## Retrieval Augmented Agents



Retrieval-Augmented Generation (RAG) agents combine the power of information retrieval and text generation to create more factual and contextually aware AI responses. Unlike traditional generative models that rely solely on their pre-trained knowledge, RAG systems dynamically retrieve relevant documents from an external knowledge base and incorporate that information into their responses. This process ensures that the AI can provide up-to-date, verifiable, and domain-specific answers rather than relying only on its training data, which may be outdated or limited.

The core mechanism of a RAG agent involves two main steps: retrieval and synthesis.
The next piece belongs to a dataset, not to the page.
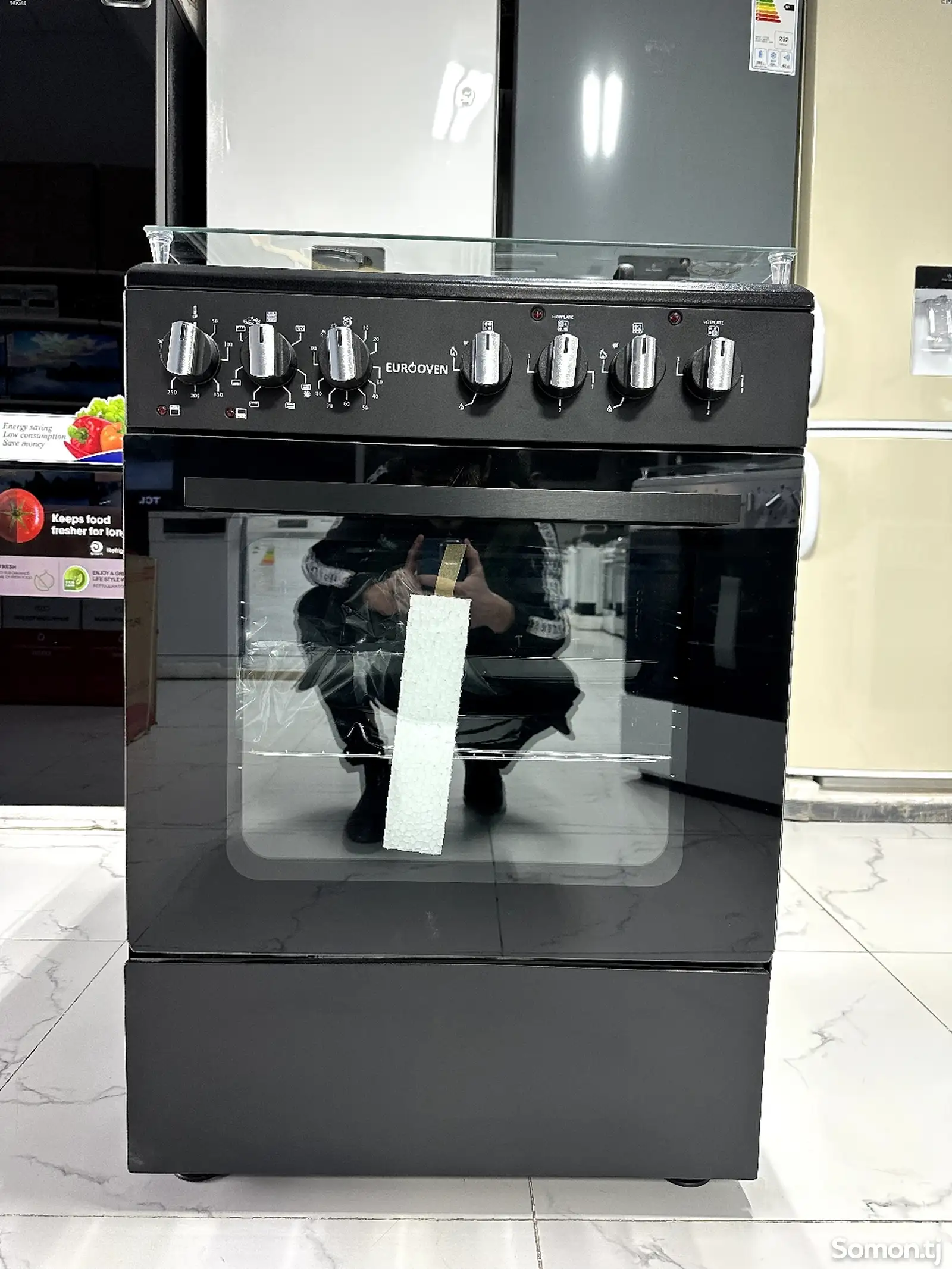 Газ плита Evro Oven-1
First, a retrieval model searches a structured or unstructured knowledge base (such as databases, documents, or APIs) to fetch the most relevant information based on the user’s query. Then, a generative model (e.g., GPT) processes this retrieved data and integrates it into a coherent, context-rich response. This approach is particularly useful in applications like customer support, research assistants, coding helpers, and medical or legal AI advisors, where accuracy and contextual awareness are critical.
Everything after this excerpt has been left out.